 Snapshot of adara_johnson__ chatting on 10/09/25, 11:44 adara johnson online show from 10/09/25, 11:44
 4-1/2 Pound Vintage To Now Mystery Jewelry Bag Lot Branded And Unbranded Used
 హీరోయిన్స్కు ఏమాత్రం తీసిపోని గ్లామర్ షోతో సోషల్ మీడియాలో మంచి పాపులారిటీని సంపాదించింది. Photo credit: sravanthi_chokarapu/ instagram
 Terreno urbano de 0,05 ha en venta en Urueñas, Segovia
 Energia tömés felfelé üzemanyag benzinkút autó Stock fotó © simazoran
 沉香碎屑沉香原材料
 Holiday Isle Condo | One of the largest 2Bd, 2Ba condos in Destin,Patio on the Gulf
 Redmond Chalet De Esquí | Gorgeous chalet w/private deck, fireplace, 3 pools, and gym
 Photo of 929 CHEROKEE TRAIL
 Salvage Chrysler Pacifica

◇ ◇ ◇

● EXERCISE GOAL: Every record here must be output exactly, word for word.

● RESULT OF THE EXERCISE:
 Snapshot of adara_johnson__ chatting on 10/09/25, 11:44 adara johnson online show from 10/09/25, 11:44
 4-1/2 Pound Vintage To Now Mystery Jewelry Bag Lot Branded And Unbranded Used
 హీరోయిన్స్కు ఏమాత్రం తీసిపోని గ్లామర్ షోతో సోషల్ మీడియాలో మంచి పాపులారిటీని సంపాదించింది. Photo credit: sravanthi_chokarapu/ instagram
 Terreno urbano de 0,05 ha en venta en Urueñas, Segovia
 Energia tömés felfelé üzemanyag benzinkút autó Stock fotó © simazoran
 沉香碎屑沉香原材料
 Holiday Isle Condo | One of the largest 2Bd, 2Ba condos in Destin,Patio on the Gulf
 Redmond Chalet De Esquí | Gorgeous chalet w/private deck, fireplace, 3 pools, and gym
 Photo of 929 CHEROKEE TRAIL
 Salvage Chrysler Pacifica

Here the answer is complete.